EXERCISE GOAL: Print each line below verbatim, skipping every picture.

COLLECTED MATERIAL:
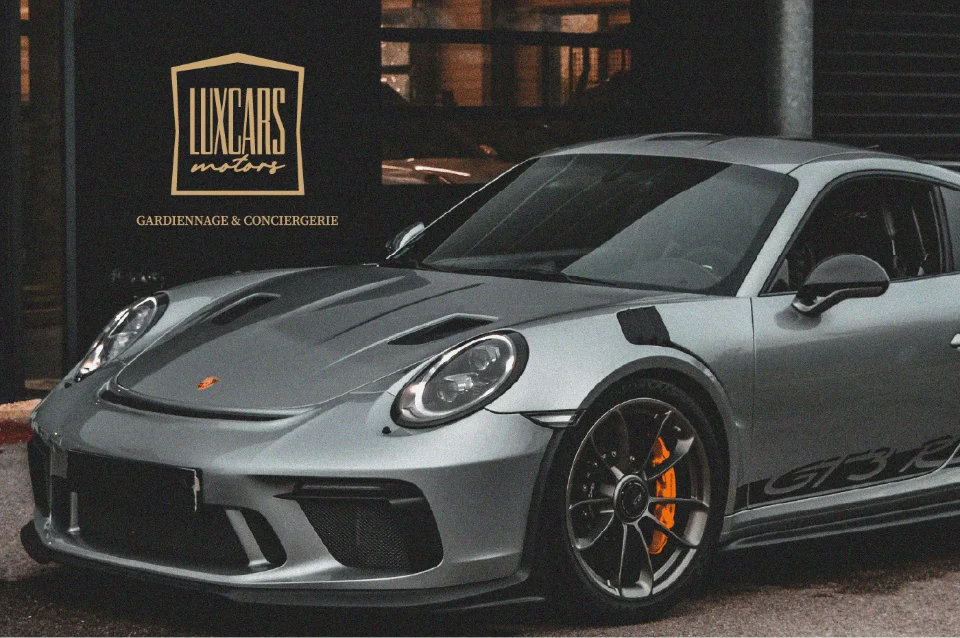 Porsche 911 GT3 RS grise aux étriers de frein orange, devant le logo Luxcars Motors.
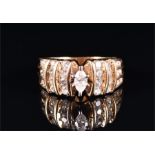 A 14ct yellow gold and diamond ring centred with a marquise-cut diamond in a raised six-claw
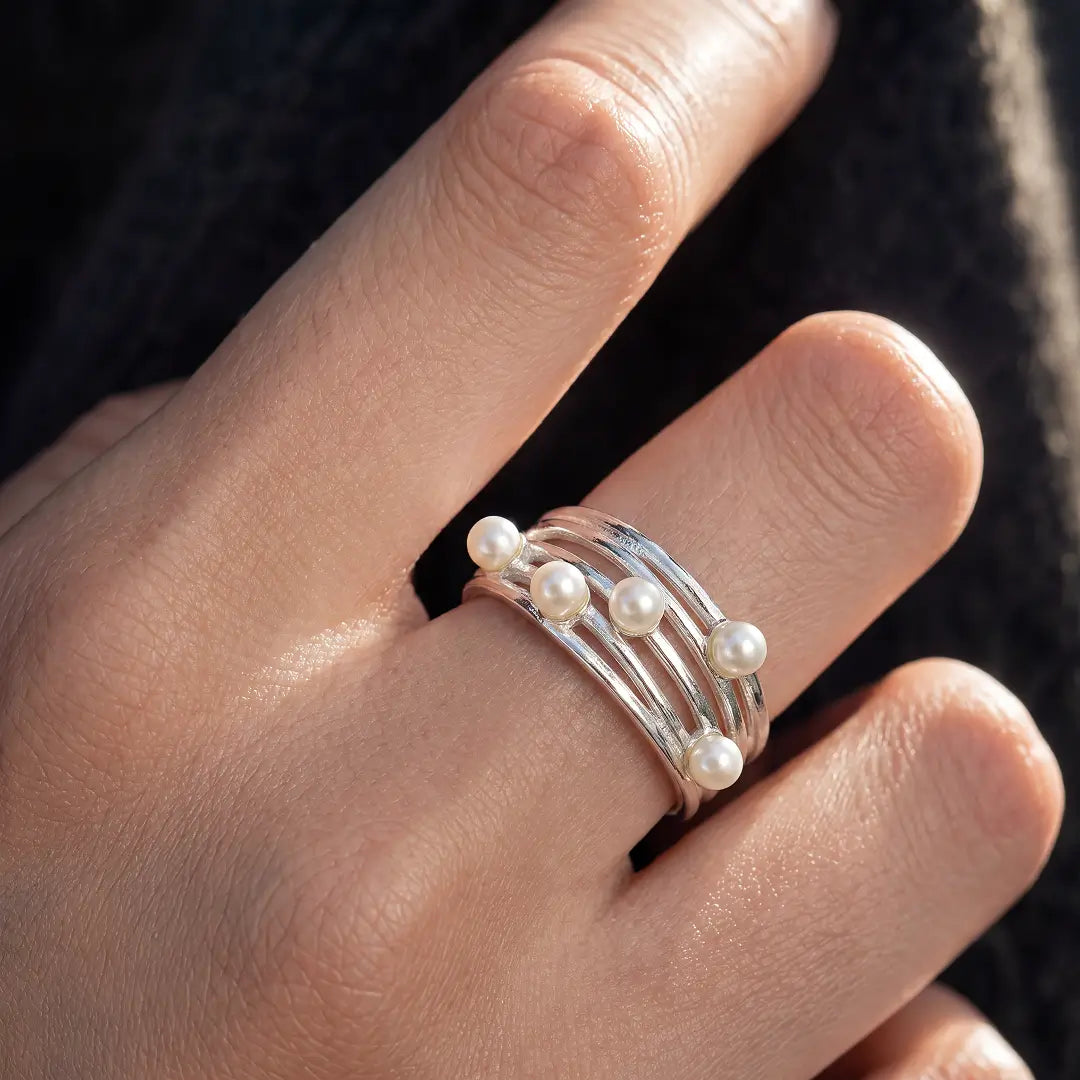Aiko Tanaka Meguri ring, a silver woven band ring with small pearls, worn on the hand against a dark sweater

TASK ANSWER:
 Porsche 911 GT3 RS grise aux étriers de frein orange, devant le logo Luxcars Motors.
 A 14ct yellow gold and diamond ring centred with a marquise-cut diamond in a raised six-claw
Aiko Tanaka Meguri ring, a silver woven band ring with small pearls, worn on the hand against a dark sweater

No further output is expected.